Material to process START
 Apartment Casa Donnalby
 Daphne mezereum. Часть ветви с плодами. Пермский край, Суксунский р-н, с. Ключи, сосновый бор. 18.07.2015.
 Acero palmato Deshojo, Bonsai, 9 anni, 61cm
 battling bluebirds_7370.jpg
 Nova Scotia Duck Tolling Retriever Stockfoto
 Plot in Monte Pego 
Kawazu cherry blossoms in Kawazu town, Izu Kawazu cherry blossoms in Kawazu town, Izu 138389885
Material to process END
Material to process START
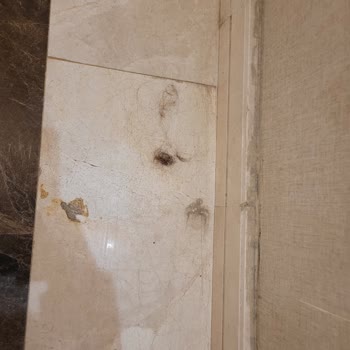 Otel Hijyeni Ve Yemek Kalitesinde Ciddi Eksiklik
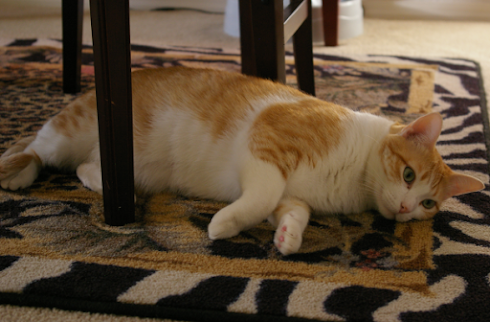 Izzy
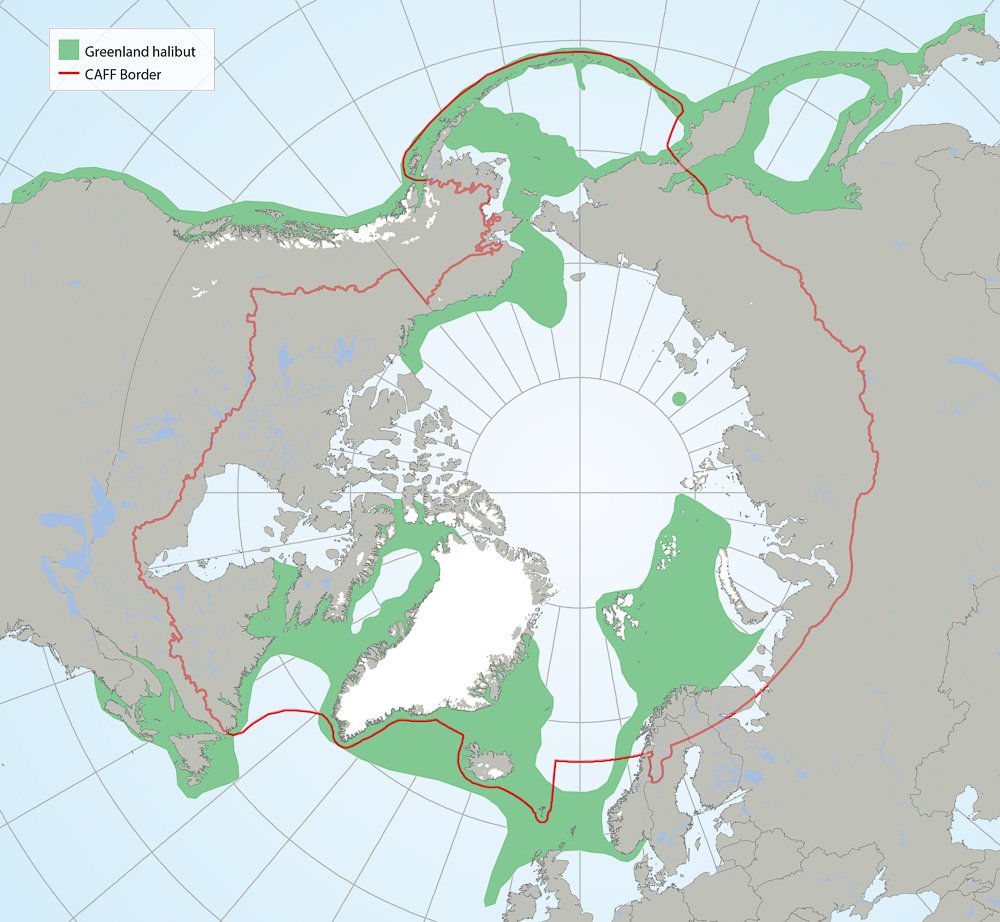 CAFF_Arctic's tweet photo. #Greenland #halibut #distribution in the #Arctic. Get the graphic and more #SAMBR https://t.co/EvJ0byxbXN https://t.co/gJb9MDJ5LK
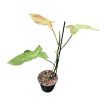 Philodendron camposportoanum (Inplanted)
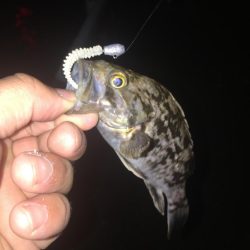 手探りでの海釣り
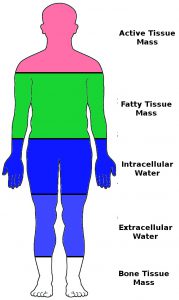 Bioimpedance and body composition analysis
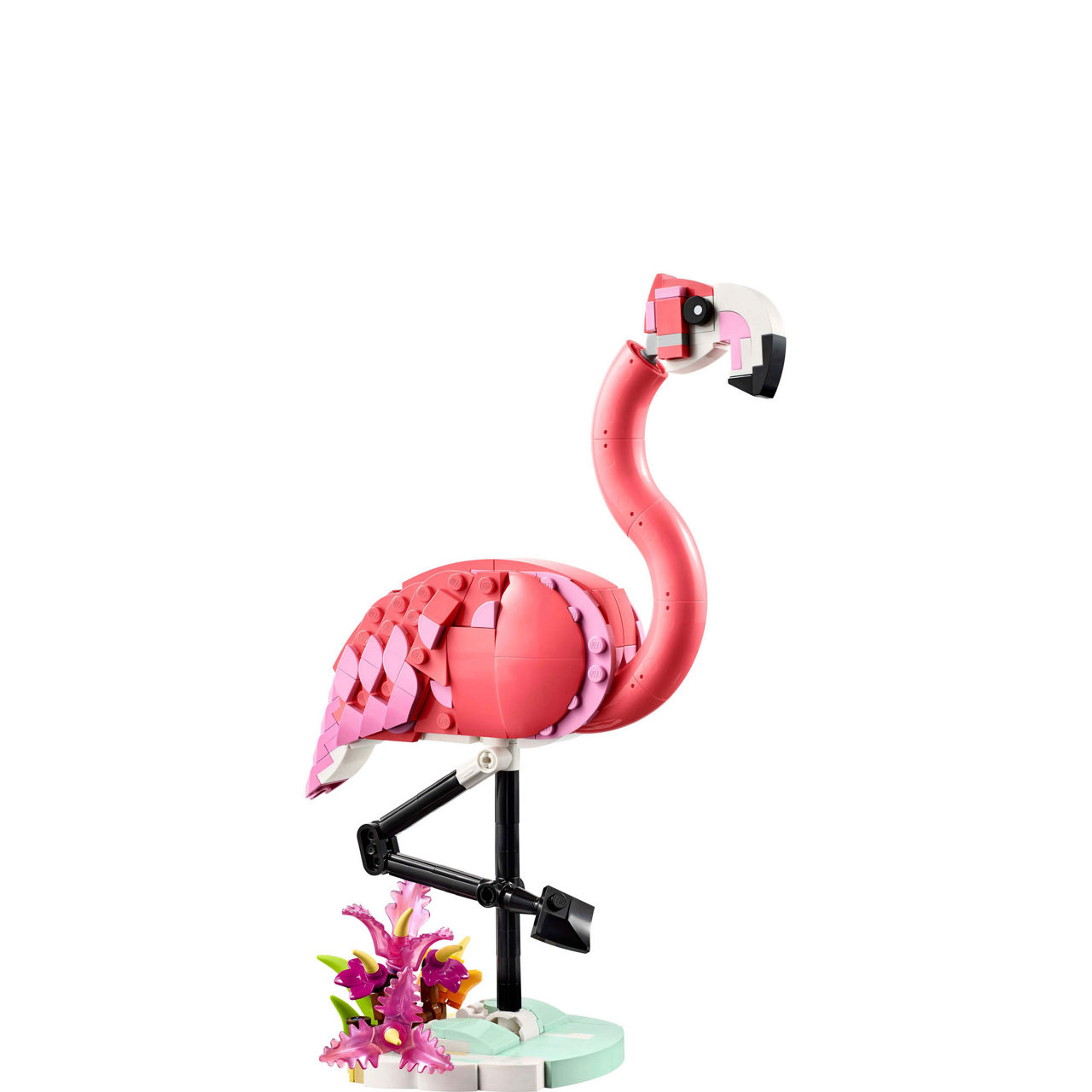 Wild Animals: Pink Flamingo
Material to process END
Transcribe the lines above between the line holding "battling bluebirds_7370.jpg" and the line holding "Kawazu cherry blossoms in Kawazu town, Izu Kawazu", inclusive, exactly as they stand and with nothing added.

 battling bluebirds_7370.jpg
 Nova Scotia Duck Tolling Retriever Stockfoto
 Plot in Monte Pego 
Kawazu cherry blossoms in Kawazu town, Izu Kawazu cherry blossoms in Kawazu town, Izu 138389885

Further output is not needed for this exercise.